If you're moving less than one hour or so away, bag your specimens individually the same way your pet store does. My local fish store gave me the bags for free when I informed them what I was moving, but you can also purchase the bags if needed. A tip I recommend is that after you have bagged them, keep your specimens in the dark. It helps to reduce stress.
For long distance moves of 5 to 8 or more hours away, again bag your specimens individually. This time however, you'll need to coordinate with a LFS to add pure oxygen to the bags. Call them ahead of time for availability as not all LFS offer this. You may need to check around and make arrangements ahead of your scheduled moving day. Plants can be transported in bags too with some of the original aquarium water. You can maintain water temperature for your specimens by placing them (in their sealed bags) in a sealed cooler. If needed, add a hand warmer wrapped in newspaper so as to keep it from coming into direct contact with the bagged live specimen. I personally like to tape the warmer to the top of the cooler to assure it will not come into direct contact with the bags.
Moving DayDuring the breakdown of your aquarium you’ll want to save as much of the water as you can (new water is better, but the amount needed will be determining factor). Depending on the size and amount of water, use 5-gallon buckets with lids or Brute trash cans with the casters to transport water. Reusing your water may aid in cutting down the cycling time once you restart your aquarium. You will also need to have some newly mixed saltwater ready at your new location – you will need it!!!
If you can, or shall I say if you have the time, now would be a good time to clean things like pumps, heaters, powerheads, and other equipment. Then pack everything the way you would pack your fine china set – you know, the one you never use.
For live rock, it's a good idea to try and keep it completely submerged in some of your aquarium water to minimize disruption of the bacteria colonies. You can actually add it to the same containers being used to transport your aquarium water.
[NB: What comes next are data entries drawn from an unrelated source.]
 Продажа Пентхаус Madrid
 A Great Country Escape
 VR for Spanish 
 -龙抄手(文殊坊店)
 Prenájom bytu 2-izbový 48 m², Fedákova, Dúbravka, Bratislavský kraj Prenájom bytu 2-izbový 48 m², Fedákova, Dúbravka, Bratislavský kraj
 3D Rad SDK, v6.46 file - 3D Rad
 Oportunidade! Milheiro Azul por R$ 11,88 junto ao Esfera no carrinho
Again, this is all in an effort to reduce cycling time at the new location.
When moving the aquarium within your home, use the buckets as mentioned above. Leave enough water in the aquarium to fully cover the live-rock (if possible) and sand if you intend to reuse it (sand traps a lot of unwanted stuff, I recommend not reusing if at all possible). If you have to remove the live rock just keep it submerged as mentioned above. Although there is no need to pack your pumps and other equipment, you’ll want to keep them submerged in a container with some aquarium water.
Moved in at Last
Regardless of whether or not your new destination is within your existing home or a completely new location, you'll need to work expeditiously to get your aquarium operating again. Fill it with as much of the new water as you were able to make. Topping it off with whatever old saltwater you transported. You want to get your filtration, heaters and other equipment running as soon as possible. It's also not a bad idea to then add a bacterial additive to help accelerate any cycling that might happen. I would also recommend testing your water parameters to insure they are at acceptable levels (see Optimal Parameters for a Coral Reef Aquarium By Randy Holmes-Farley below) before adding any livestock. If parameters are at acceptable levels, start adding your livestock after proper acclimation.
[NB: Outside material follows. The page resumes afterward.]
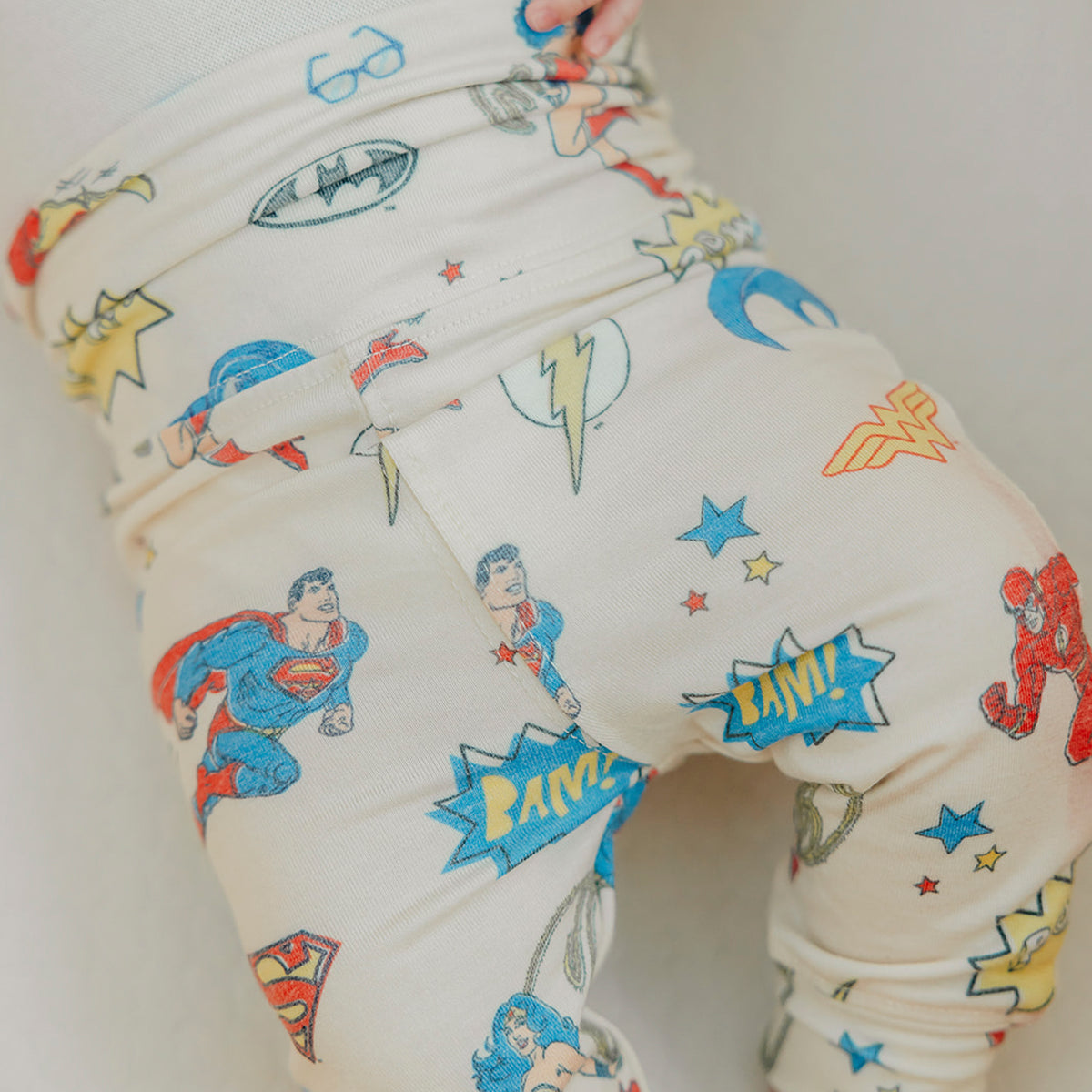 Baby Pants - Justice League™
Table 1. Parameters critical to control in reef aquaria.
Table 2. Other parameters in reef aquaria that aquarists may want to control.
These suggestions are designed to aid you and enhance your chances of a successful move. It takes planning and not just on the night before the move! Create your plan, create contingency plans, follow those plans and move expeditiously. Your reef depends on your execution of these tasks!
Nobody likes to move. And certainly nobody likes to move an aquarium. But if it has to be done, and you can’t call in sick, I hope these guidelines will help make that daunting task just a little more manageable.